In so far as the fifth ground of appeal is concerned, the NPA submitted that the Court erred in finding that the form of censure Mr Mpshe chose, by discontinuing the prosecution, failed to demonstrate a connection or linkage to the alleged conduct of Mr McCarthy.

The principle of legality requires that the exercise of public power must be rationally related to the purpose for which the power was given. Mr Mpshe, as the Acting NDPP, had the power to discontinue the prosecution. The NPA submitted that the Court erred in finding that he did not. His decision was indeed rationally related to the purpose for which the power was conferred. The purpose of that power in this context may be to guard against manipulation, and ensure that all persons who are the subject of a prosecution, are dealt with in a manner which is fair, and by an independent authority not suborned or manipulated for political needs; further that the prosecution process is not in any way manipulated for an extraneous purpose unconnected to the actual prosecution. The NPA accordingly submitted that this establishes the link required for rationality. The aforementioned must be seen in the light of the Court’s finding that the alleged conduct of Mr McCarthy as appears from the transcript of the recorded conversations, if proven, constitutes a serious breach of the law and prosecutorial policy.

In so far as the sixth ground of appeal is concerned, the NPA submitted that the Court erred in its findings in paragraphs 76 to 79 of the judgment, in which it failed to appreciate the true reason for the decision of Mr McCarthy and Mr Ngcuka to delay the service of the indictment.

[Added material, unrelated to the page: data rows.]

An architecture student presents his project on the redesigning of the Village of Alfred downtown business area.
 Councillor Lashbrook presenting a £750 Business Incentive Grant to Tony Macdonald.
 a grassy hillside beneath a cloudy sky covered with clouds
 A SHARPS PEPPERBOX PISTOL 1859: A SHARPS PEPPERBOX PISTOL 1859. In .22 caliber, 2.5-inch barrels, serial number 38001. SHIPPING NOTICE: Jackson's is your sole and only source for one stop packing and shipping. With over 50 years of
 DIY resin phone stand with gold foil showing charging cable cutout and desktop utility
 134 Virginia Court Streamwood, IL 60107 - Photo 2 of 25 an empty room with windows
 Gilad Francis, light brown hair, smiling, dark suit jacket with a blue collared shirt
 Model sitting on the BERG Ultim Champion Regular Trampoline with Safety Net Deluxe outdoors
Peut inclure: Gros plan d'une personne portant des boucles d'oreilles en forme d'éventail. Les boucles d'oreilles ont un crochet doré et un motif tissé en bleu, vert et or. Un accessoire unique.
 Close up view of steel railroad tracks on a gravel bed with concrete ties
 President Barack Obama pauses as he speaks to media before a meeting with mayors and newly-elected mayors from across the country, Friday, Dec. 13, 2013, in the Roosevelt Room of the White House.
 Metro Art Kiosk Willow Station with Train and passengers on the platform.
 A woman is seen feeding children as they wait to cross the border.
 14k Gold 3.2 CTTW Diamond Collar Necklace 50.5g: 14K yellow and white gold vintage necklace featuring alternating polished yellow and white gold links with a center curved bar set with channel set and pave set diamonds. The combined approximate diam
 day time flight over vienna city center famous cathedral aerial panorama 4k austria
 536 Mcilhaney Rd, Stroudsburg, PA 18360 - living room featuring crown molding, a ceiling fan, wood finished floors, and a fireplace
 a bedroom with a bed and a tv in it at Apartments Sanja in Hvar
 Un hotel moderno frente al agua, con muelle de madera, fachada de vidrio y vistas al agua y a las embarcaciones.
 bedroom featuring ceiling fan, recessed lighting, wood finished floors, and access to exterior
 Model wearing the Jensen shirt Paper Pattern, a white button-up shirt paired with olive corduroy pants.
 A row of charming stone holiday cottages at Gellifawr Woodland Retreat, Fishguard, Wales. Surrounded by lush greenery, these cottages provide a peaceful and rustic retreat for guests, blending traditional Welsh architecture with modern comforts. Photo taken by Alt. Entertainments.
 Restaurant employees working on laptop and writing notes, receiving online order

It is a common cause that Mr McCarthy and Mr Ngcuka were bent upon ensuring that the indictment was served after the Polokwane conference, where Mr Mbeki and Mr Zuma would be vying for the Presidency of the ANC. Hofmeyr, inter alia, states in his affidavit:

Before the Polokwane conference, Ngcuka and others opposed to Zuma, debated amongst themselves whether or not Mbeki’s chances of retaining the ANC Presidency would be strengthened by delaying the prosecution. Correctly or incorrectly, they believed that Mbeki’s chances of defeating Zuma would be strengthened if the prosecution were to be delayed. McCarthy did as he was asked to do although it was clear that at times, he did not agree with Ngcuka’s instructions. Ultimately, McCarthy ensured that the prosecution was delayed. He did so for one reason only, to bolster Mbeki’s chances of successfully defeating Zuma’.

It is clear that Mr McCarthy and Mr Ngcuka believed that the service of the indictment shortly before the Polokwane conference would provoke a reaction and backlash from persons attending the conference who would consider that this was being done in order to besmirch Mr Zuma and to advantage Mr Mbeki. That would, so they believed, move delegates to rally around Mr Zuma.

That they may have miscalculated does not detract from the fact that Mr McCarthy persuaded Mr Mpshe to delay service of the indictment which he believed would disadvantage Mr Mbeki if the NPA did not hold back. It was against this background that Mr Mpshe decided that Mr Zuma’s continued prosecution would be untenable.

The NPA, as any other litigant, has the right to appeal the decision of any judicial proceedings. In this matter, the NPA believes it has reasonable prospects of succeeding the prosecution of its appeal.

Therefore, it is incorrect that his Excellency, the Honourable President of the Republic had at any stage faced charges of gangsterism as contended by the Honourable member. All charges of corruption were withdrawn against the Honourable President prior to being elected as President of the Republic.